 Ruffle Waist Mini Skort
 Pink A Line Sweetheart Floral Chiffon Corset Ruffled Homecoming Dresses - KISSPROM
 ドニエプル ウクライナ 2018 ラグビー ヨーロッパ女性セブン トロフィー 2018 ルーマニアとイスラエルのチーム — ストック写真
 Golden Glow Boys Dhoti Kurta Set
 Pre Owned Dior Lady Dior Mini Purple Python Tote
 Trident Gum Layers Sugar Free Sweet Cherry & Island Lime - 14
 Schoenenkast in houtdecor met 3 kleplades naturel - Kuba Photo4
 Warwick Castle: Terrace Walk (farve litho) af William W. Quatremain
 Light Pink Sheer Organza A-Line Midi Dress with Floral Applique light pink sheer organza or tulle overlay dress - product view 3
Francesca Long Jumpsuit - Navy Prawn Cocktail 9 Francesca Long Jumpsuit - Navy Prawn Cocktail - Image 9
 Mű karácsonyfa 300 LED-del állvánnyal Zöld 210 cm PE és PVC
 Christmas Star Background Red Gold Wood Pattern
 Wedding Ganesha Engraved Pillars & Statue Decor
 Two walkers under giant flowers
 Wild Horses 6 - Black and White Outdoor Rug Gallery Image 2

-.-.-

> Your objective:
Reproduce the records above exactly, character for character.

> Response to the task:
 Ruffle Waist Mini Skort
 Pink A Line Sweetheart Floral Chiffon Corset Ruffled Homecoming Dresses - KISSPROM
 ドニエプル ウクライナ 2018 ラグビー ヨーロッパ女性セブン トロフィー 2018 ルーマニアとイスラエルのチーム — ストック写真
 Golden Glow Boys Dhoti Kurta Set
 Pre Owned Dior Lady Dior Mini Purple Python Tote
 Trident Gum Layers Sugar Free Sweet Cherry & Island Lime - 14
 Schoenenkast in houtdecor met 3 kleplades naturel - Kuba Photo4
 Warwick Castle: Terrace Walk (farve litho) af William W. Quatremain
 Light Pink Sheer Organza A-Line Midi Dress with Floral Applique light pink sheer organza or tulle overlay dress - product view 3
Francesca Long Jumpsuit - Navy Prawn Cocktail 9 Francesca Long Jumpsuit - Navy Prawn Cocktail - Image 9
 Mű karácsonyfa 300 LED-del állvánnyal Zöld 210 cm PE és PVC
 Christmas Star Background Red Gold Wood Pattern
 Wedding Ganesha Engraved Pillars & Statue Decor
 Two walkers under giant flowers
 Wild Horses 6 - Black and White Outdoor Rug Gallery Image 2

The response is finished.